Madrid, Spain—Pharmacotherapy can be very effective for secondary prevention of CV disease, yet the incidence of recurrent ischemic events remains high. At least part of the explanation is that patient adherence to secondary prevention medications has been estimated at approximately 50%.

One contributor is treatment complexity, according to a new study that noted adherence is decreased with an increased frequency of dosing and treatment complexity.

The report in the New England Journal of Medicine discusses the benefits of a polypill that includes key medications associated with improved outcomes (i.e., aspirin, angiotensin-converting enzyme inhibitors, and statins). That formulation has been proposed as a simple approach to the secondary prevention of CV death and complications after myocardial infarction (MI), according to international researchers with the SECURE (Secondary Prevention of Cardiovascular Disease in the Elderly) Trial.

The phase III, randomized, controlled clinical trial assigned patients with MI within the previous 6 months to either usual care or a polypill-based strategy—a combination of aspirin (100 mg), ramipril (2.5 mg, 5 mg, or 10 mg), and atorvastatin (20 mg or 40 mg).

The primary composite outcome was defined as CV death, nonfatal type 1 MI, nonfatal ischemic stroke, or urgent revascularization. A composite of cardiovascular death, nonfatal type 1 myocardial infarction, or nonfatal ischemic stroke was the most important secondary endpoint.

The study team randomized 2,499 patients and followed them for a median of 36 months. The results showed that a primary-outcome event occurred in 118 of 1,237 patients (9.5%) in the polypill group and in 156 of 1229 (12.7%) in the usual-care group (hazard ratio [HR], 0.76; 95% CI, 0.60-0.96; P = .02).

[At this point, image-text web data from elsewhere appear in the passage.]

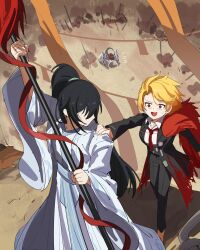 1boy 2girls absurdres black_coat black_hair black_pants blonde_hair coat collared_shirt don_quixote_(project_moon) faceless faceless_male feather_boa hand_on_another&#039;s_shoulder highres holding holding_polearm holding_weapon hong_lu_(project_moon) jia_mu_(project_moon) limbus_company long_hair long_sleeves multiple_girls necktie open_mouth pants polearm ponytail project_moon red_eyes red_necktie robe sancho_(project_moon) sash shirt short_hair spoilers weapon white_robe white_shirt wide_sleeves yzj21333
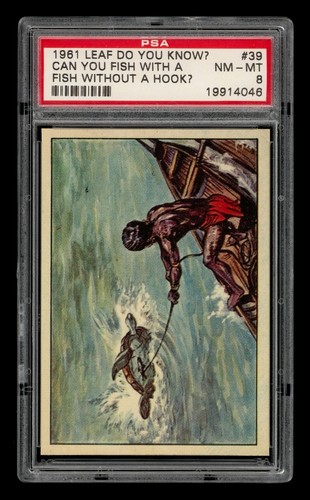1961 Leaf Do You Know? Set-Break # 39 Can You Fish With A PSA 8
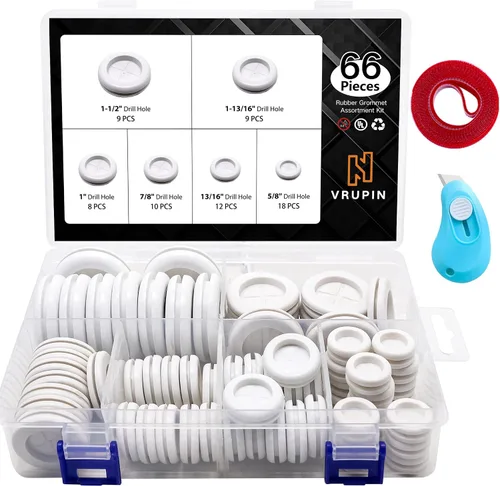 Vista 11 de Vrupin Kit Surtido de 66 Ojales de Goma, Tapones para Orificios de Taladro Cortafuegos Protección de Cables, 6 Tamaños 1-13/16" 1-1/2" 1" 7/8" 5/8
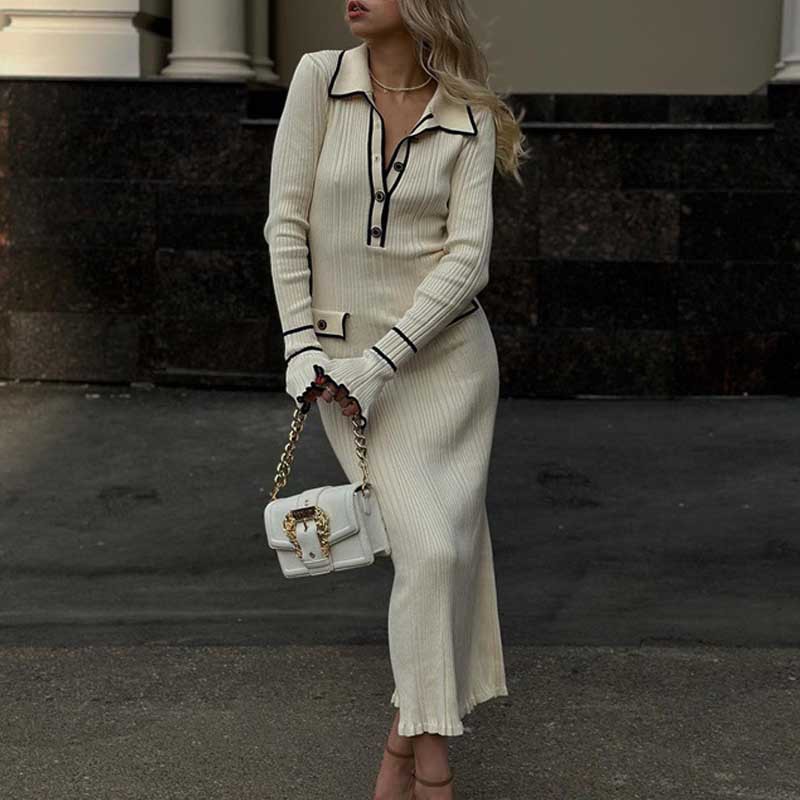 Picture of European and American Light Luxury Ruffled Knitted dress New Autumn Mid-length Dress Lapel Trumpet Sleeve Tight Sweater Dress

The authors reported that a key secondary-outcome event occurred in 101 patients (8.2%) in the polypill group and 144 (11.7%) in the usual-care group (HR, 0.70; 95% CI, 0.54-0.90; P = .005).

"The results were consistent across prespecified subgroups," the researchers pointed out. "Medication adherence as reported by the patients was higher in the polypill group than in the usual-care group. Adverse events were similar between groups."

The study concluded that treatment with a polypill containing aspirin, ramipril, and atorvastatin within 6 months after MI "resulted in a significantly lower risk of major adverse cardiovascular events than usual care."